In perl.git, the branch smoke-me/khw-new_locale has been created
<http://perl5.git.perl.org/perl.git/commitdiff/c810d3974b6a6214b2960c8f740a6cf5551a8ccb?hp=0000000000000000000000000000000000000000>
at c810d3974b6a6214b2960c8f740a6cf5551a8ccb (commit)
- Log -----------------------------------------------------------------
commit c810d3974b6a6214b2960c8f740a6cf5551a8ccb
Author: Karl Williamson <[email protected]>
Date: Fri May 13 11:32:44 2016 -0600
locale.c: Make locale collation predictions adaptive
We try to avoid calling strxfrm() more than needed by predicting its
needed buffer size. This generally works because the size of the
transformed string is roughly linear with the size of the input string.
But the key word here is "roughly". This commit changes things, so that
when we guess low, we change the coefficients in the equation to guess
higher the next time.
M locale.c
commit 43173b444135bb8ddb9f2ba2f9595e3c584c3234
Author: Karl Williamson <[email protected]>
Date: Tue Apr 12 14:28:57 2016 -0600
locale.c: Not so aggressive collation memory use guess
On platforms where strxfrm() is not well-behaved, and it fails because
it needs a larger buffer, prior to this commit, the size was doubled
before trying again. This could require a lot of memory on large
inputs. I'm uncomfortable with such a big delta on very large strings.

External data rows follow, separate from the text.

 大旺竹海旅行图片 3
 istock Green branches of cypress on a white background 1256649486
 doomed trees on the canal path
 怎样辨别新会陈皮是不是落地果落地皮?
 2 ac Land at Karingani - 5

This commit changes it so it is not so aggressive. Note that this now
only gets called on platforms whose strxfrm() is not well behaved, and I
think the size prediction is better due to a recent commit, and there
isn't really much of a downside in not gobbling up memory so fast.
M locale.c
commit 6fe21238d132628247ce7d434f846361201fe883
Author: Karl Williamson <[email protected]>
Date: Wed May 18 13:18:01 2016 -0600
locale.c: Add some debugging statements
M locale.c
commit 687c16ecaee41111ce89e0e337818fe7c76b8160
Author: Karl Williamson <[email protected]>
Date: Wed May 18 13:17:25 2016 -0600
locale.c: Minor cleanup
This replaces an expression with what I think is an easier to understand
macro, and eliminates a couple of temporary variables that just
cluttered things up.
M locale.c
commit dc743c79a68324dde33e8c15fbcb8e8a610ebf34
Author: Karl Williamson <[email protected]>
Date: Sat May 14 18:23:02 2016 -0600
locale.c: Fix some debugging so will output during init
Because the command line options are currently parsed after the locale
initialization is done, an environment variable is read to allow
debugging of the function that is called to do the initialization.

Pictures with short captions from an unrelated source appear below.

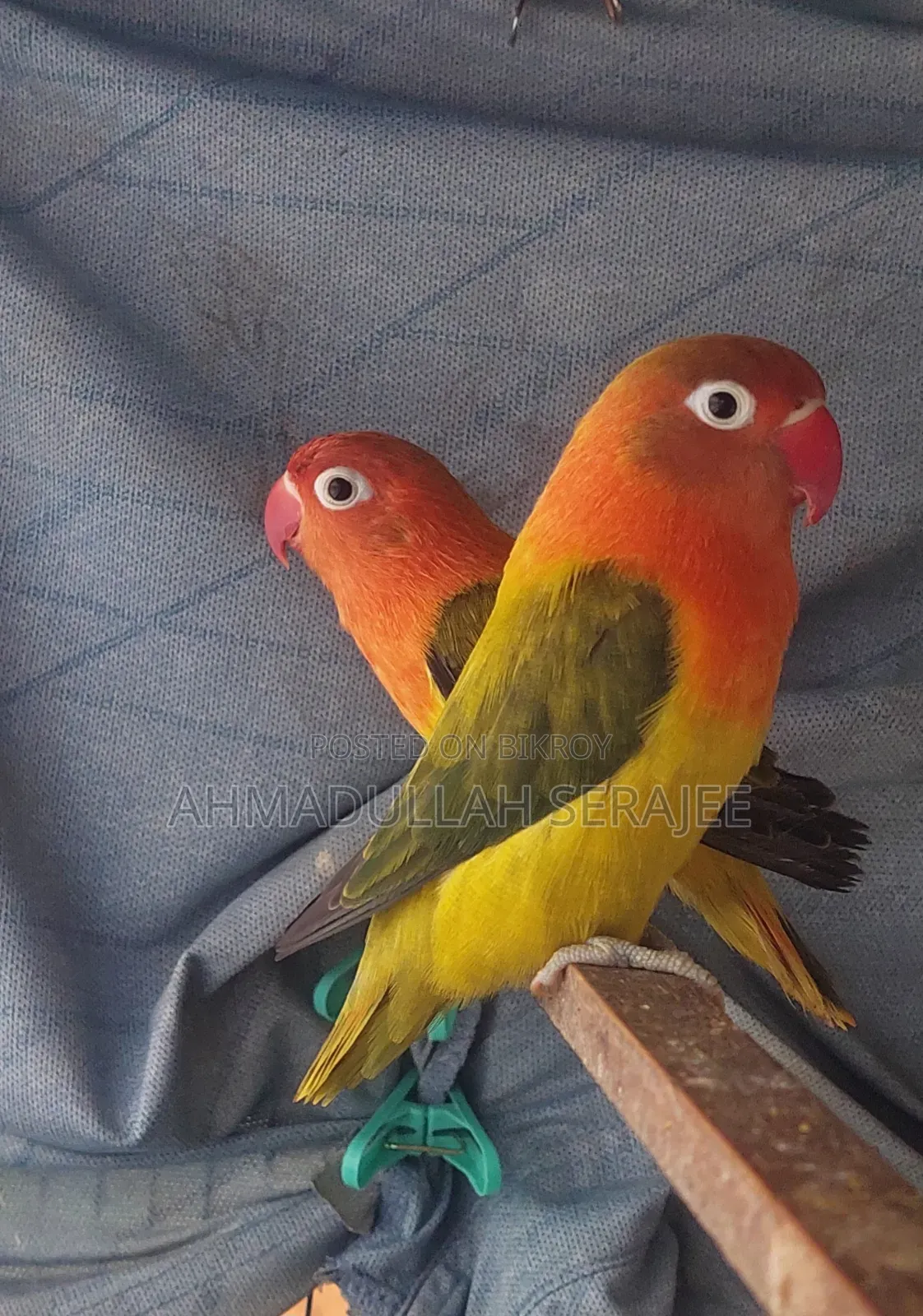 লাভ বার্ড ইউইং অপালাইন ফিশার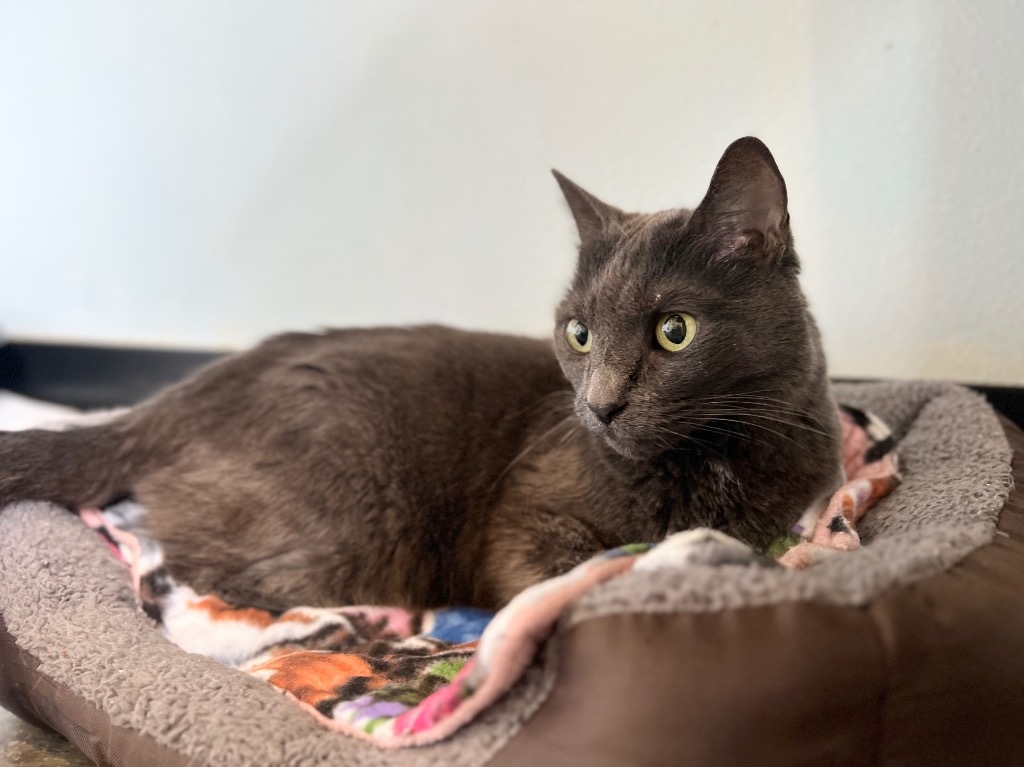 Melvin, an adoptable Domestic Short Hair in Menomonie, WI, 54751 | Photo Image 6
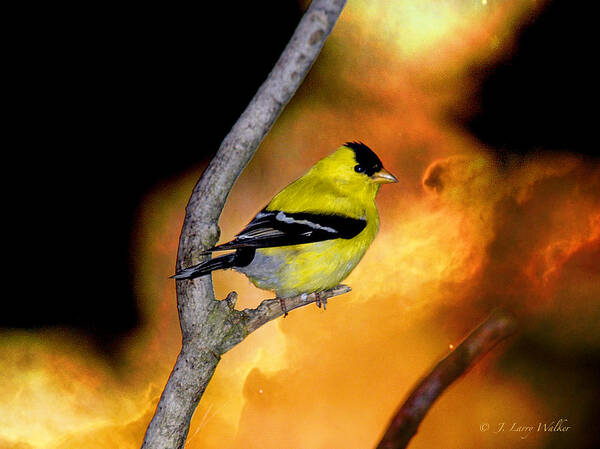 J Larry Walker Art Print featuring the digital art Goldfinch At The Edge Of The Abyss by J Larry Walker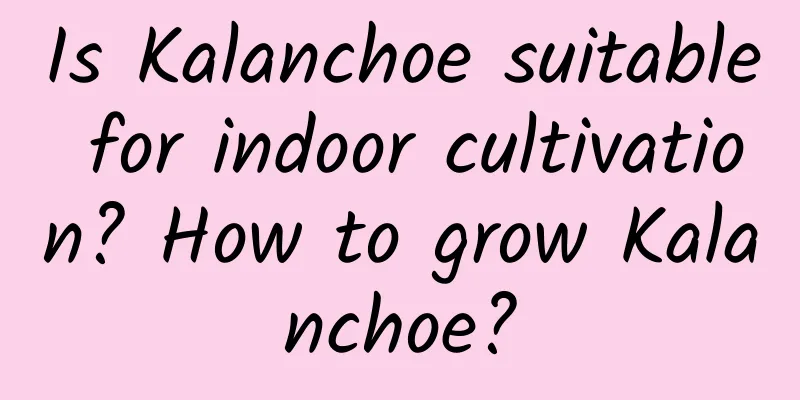 Is Kalanchoe suitable for indoor cultivation? How to grow Kalanchoe?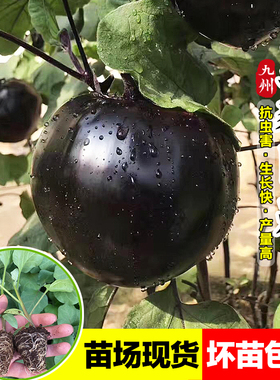 紫红圆茄子苗秧早熟快黑圆茄苗大果特大茄秧四季菜园庭院蔬菜苗子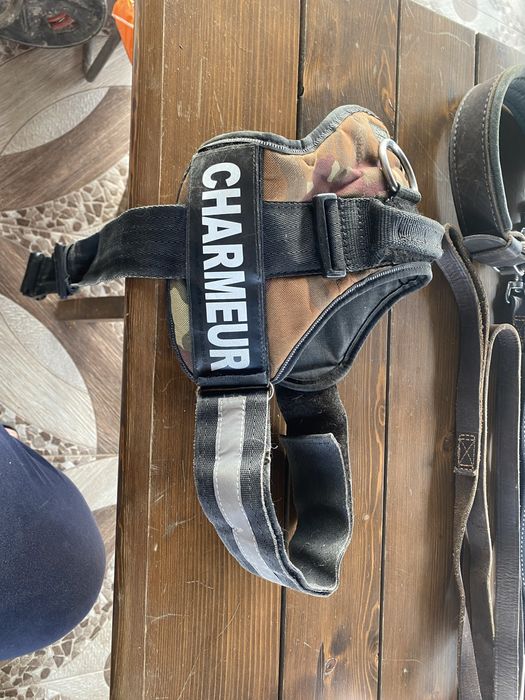 Ham Julius K-9 power-ham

However, any functions that it calls, prior to this commit, were unaware
of this and so did not output debugging. This commit fixes most of
them.
M locale.c
commit 103486e659d33e140d2f56699d6dfeb950ffba72
Author: Karl Williamson <[email protected]>
Date: Tue Apr 12 12:49:36 2016 -0600
mv function from locale.c to mathoms.c
The previous commit causes this function being moved to be just a
wrapper not called in core. Just in case someone is calling it, it is
retained, but moved to mathoms.c
M embed.fnc
M embed.h
M locale.c
M mathoms.c
M proto.h
commit 42abc6a8811fd6ae19908f55f757bb2d645ef2b8
Author: Karl Williamson <[email protected]>
Date: Tue May 17 20:50:55 2016 -0600
Do better locale collation in UTF-8 locales
strxfrm() works reasonably well on some platforms under UTF-8 locales.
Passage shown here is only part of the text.